- The Washington Times - Friday, April 13, 2001

NEW YORK The United States introduced its resolution condemning China before the Geneva-based Commission on Human Rights only moments after the conclusion of the standoff on Hainan Island, setting the stage for a new confrontation between the two powers.

A State Department official said the timing was coincidental, noting that the deadline for the introduction of such resolutions passed on Wednesday at 7 a.m. Washington time. But to have filed the motion earlier could clearly have complicated the delicate negotiations for the release of the U.S. air crew in China.

Such resolutions have been introduced with U.S. support almost every year since the Tiananmen Square massacre. China has managed to rebuff censure every time through a combination of trade deals with and hardball lobbying of swing voters on the 53-member commission.

Human rights experts said yesterday that President Jiang Zemin's tour of Central and South America which took him away from the surveillance-plane crisis was connected to defeating the U.S.-sponsored resolution.

"All the countries he's going to, except for Chile, are on the [human rights] commission," said Mike Jendrzejczyk, an expert on Asian issues at Human Rights Watch. "He's signing trade and investment agreements everywhere he's going. This is the same approach China uses every year, and it always works."

Mr. Jiang left China in the middle of the Hainan crisis for a whirlwind tour of Venezuela, Uruguay, Brazil, Argentina and Cuba all of which are serving three-year terms on the Human Rights commission, an independent U.N. body.

This year's resolution, like those before it, criticizes Beijing's "severe measures" restricting its citizens' freedom of religion, assembly and speech. It also urges the authorities to "to preserve and protect the distinct cultural, ethnic, linguistic and religious identity of Tibetans and others."

The document also protests the treatment of Falun Gong adherents.

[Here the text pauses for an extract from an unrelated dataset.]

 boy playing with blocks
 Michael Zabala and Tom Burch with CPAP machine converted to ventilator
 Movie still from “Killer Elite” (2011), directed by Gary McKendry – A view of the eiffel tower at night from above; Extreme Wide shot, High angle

The Commission's resolutions bring international attention and some condemnation, but are not binding.

In past years, Beijing has blocked any vote on its human rights record by introducing a "no-action" resolution. If the majority of commission members vote in favor of the no-action, there is no vote on the human rights text.

Observers are concerned that once again China will prevent a vote on its human rights record. This year, unlike previous years, the United States has no co-sponsors.

"If it's just the United States, China can just shrug it off, saying it's Washington out to get them," said one U.N. official.

European nations sponsored the resolution from 1990 to 1997, when the no-action motions carried by narrow margins. There was no resolution in 1998, when China released a number of political prisoners and promised to sign on to several human rights protocols.

Poland joined the United States in introducing resolutions in the past two years as the number of nations abstaining from a vote increased.

"China is saying dialogue, not confrontation," said Mr. Jendrzejczyk. "By offering to have bilateral dialogues, they've peeled off Canada, Australia, Japan, some of the European countries, and some of the Latin Americans.

"Developing countries get trade and investment, industrialized nations get these fairly sterile dialogues that … sound good domestically but don't get tangible results."

In the past, human rights advocates have criticized the United States and other Western nations for failing to work hard enough to pass a resolution.

A State Department official said yesterday that U.S. ambassadors and State Department officials have been pressing the matter, and that the European Union has been actively working against the no-action motion.

But U.S. officials said the current composition of the commission is an obstacle. Among those nations elected to serve a three-year term are several with questionable human rights records, including Liberia, Syria, Algeria, Vietnam, Burundi, Pakistan and Indonesia.

China and the United States are also on the commission. The United States has never lost a re-election bid.